Use ESRGAN only when:

* high detail scenes (landscape, architecture)
* strong edge density
* visible softness or compression

Avoid or weaken for:

* portraits
* night/high ISO
* already sharp JPEGs

## 3. Replace hard scene labels with blended grading

Current approach uses argmax from CLIP.

Problem: scenes are often mixed.

### Recommendation

* keep top 2–3 scene scores
* normalize
* blend profile parameters

Example:

* 0.55 landscape
* 0.35 golden_hour
* 0.10 overcast

Blend exposure, contrast, saturation, detail, denoise.

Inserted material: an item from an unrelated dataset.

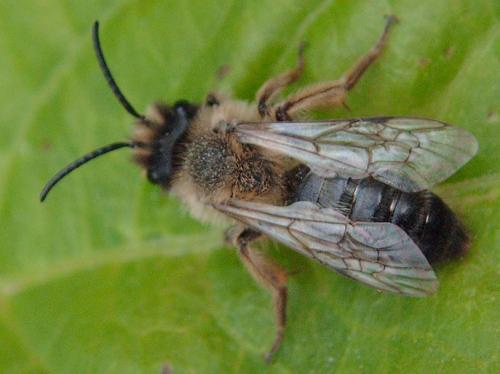 Andrena nigroaenea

## 4. Make depth processing more conservative

Default behavior should be:

* foreground sharpening only
* no background blur by default

Enable blur only when:

* strong subject separation
* portrait-like composition

## 5. Preserve metadata intentionally

Current pipeline likely loses:

* EXIF
* ICC profile

### Recommendation

Preserve or explicitly manage:

* capture timestamp
* camera/lens info
* ICC profile
* add processing metadata

---

# Main risks

## Quality risks

### Over-processing

Stacked enhancements may lead to synthetic look.

### Face inconsistency

CodeFormer may produce mismatch with surrounding regions.

### Masking errors

Sky and depth masks may:

* misclassify regions
* create halos

## Operational risks

### Partial success ambiguity

Need stronger validation for:

* missing metadata
* partial downloads

### Weak provenance

Should log:

* prompt_id
* workflow hash
* model versions

### CPU bottleneck

Potential hotspots:

* large rescaling
* guided filtering
* morphology operations

---

# Performance review

## Current state

~40–50s/photo is acceptable.

## Main optimization lever

Make ESRGAN conditional.

## Secondary lever

Skip unnecessary stages when not needed.

---

# Recommended v2 architecture

## Goal

Make workflow adaptive.

## Pipeline

### Stage 0 — Preflight analysis

Compute:

* brightness histogram
* saturation
* edge density
* noise estimate
* face stats
* sky coverage
* CLIP scores

### Stage 1 — Policy selection

Decide:

* ESRGAN mode
* CodeFormer usage
* grading blend
* sky enhance on/off
* depth mode

### Stage 2 — Enhancement

Run only selected stages.

### Stage 3 — Output + metadata

Include:

* policy decisions
* confidence scores
* timings

---

# Example metadata (v2)

```json
{
  "workflow_version": "photo-enhance-v2",
  "analysis": {
    "scene_scores": {
      "landscape": 0.51,
      "golden_hour": 0.28
    },
    "face_count": 1,
    "sky_coverage_pct": 23.4
  },
  "policy": {
    "esrgan_mode": "weak",
    "depth_mode": "sharpen_only"
  }
}
```

---

# Roadmap

## Phase 1

* conditional ESRGAN
* blended scene grading
* disable background blur default
* preserve metadata

## Phase 2

* preflight analysis
* gating logic for faces and sky
* improved logging

## Phase 3

* better color handling (true sRGB)
* noise-aware detail
* improved saturation logic

---

# Final verdict

## Strengths

* strong architecture
* practical workflow
* good separation of concerns

## Weakness

* over-processing risk from always-on stages

## Key improvement

Move from fixed pipeline → adaptive pipeline

This will improve both quality and performance significantly.